Die Fahrer wussten, dass ihnen der weiche Reifen nur in der ersten Runde einen echten Vorteil in die Hand spielen würde. Dass er dann Gefahr läuft zu überhitzen und man im Finale beten muss, dass der Grip auch bis zur 17. Runde reicht. Alonso und Ocon fuhren bereits in der Startrunde die ganze Miete ein. Der Spanier machte sechs Positionen gut, sein junger Kollege zwei.
Alonsos erste Runde
Die erste Runde von Fernando Alonso könnte einmal so in die Geschichte eingehen wie die von Ayrton Senna in Donington 1993, als der Brasilianer innerhalb von vier Kilometern von Platz fünf an die Spitze fuhr. Aus der Perspektive der Cockpitkamera sah Alonsos Überfall auf seine Gegner aus wie ein Videospiel. Der Start selbst war noch nicht einmal so speziell. Der Ex-Champion machte erst in den Kurven 1,3, 4, 6 und 9 Boden gut.
Doch lassen wir ihn selbst erzählen. "In der ersten Kurve bin ich außen an Sainz und Vettel vorbei. In Kurve 2 wurde es innen ziemlich eng mit Russell. Ich konnte nur hoffen, dass er mich gesehen hat. Das späte Bremsmanöver für Kurve 3 war eigentlich gar nicht geplant. Ich musste anderen ausweichen. In Kurve 7 bin ich innen bei Perez reingetaucht. Das war Risiko, weil ich gefürchtet habe, dass Checo noch reinzieht. Er konnte mich nicht sehen."
"Auch bei den McLaren musste ich Risiko gehen und in Copse auf der Außenspur auf dem Gas bleiben. Ich sagte mir: Wenn es nicht reicht, nehme ich die Auslaufzone.

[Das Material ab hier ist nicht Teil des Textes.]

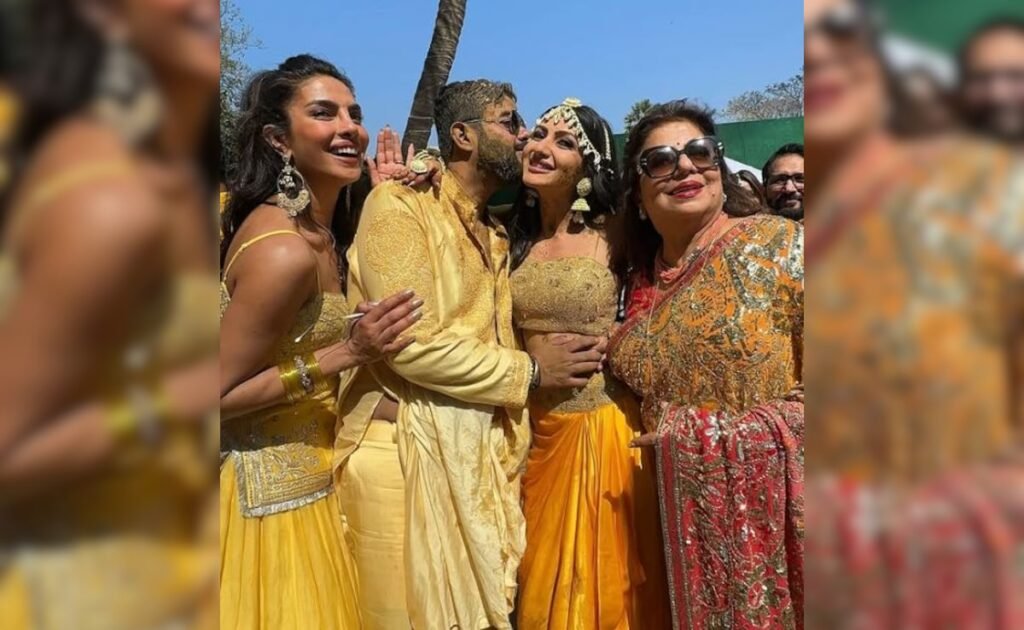चोप्रस के साथ रखना: भाई सिद्धार्थ के हल्दी समारोह से प्रियंका चोपड़ा की अकाल-जाम तस्वीरें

Nachdem ich dieses Jahr schon zwei Mal ohne Folgen für die anderen neben der Strecke überholt worden bin, sagt ich mir: Das machst du jetzt auch. Es war am Ende aber nicht notwendig."
Verwarnung für Zickzackfahren
Ocon ließ in er ersten Runde Pierre Gasly hinter sich und profitierte davon, dass George Russell den Ferrari von Carlos Sainz in die Wüste schickte. Als sich dann Sergio Perez in der 5. Runde ins Aus drehte, lag Ocon in den Top Ten.
Von da an wurde das Rennen der beiden Alpine zu einer Verteidigungsschlacht. Während Ocon seinen 10. Platz mit Zähnen und Klauen gegen Gasly und Sainz verteidigte, büßte Alonso noch zwei Positionen ein: "Die McLaren waren einfach zu schnell für uns."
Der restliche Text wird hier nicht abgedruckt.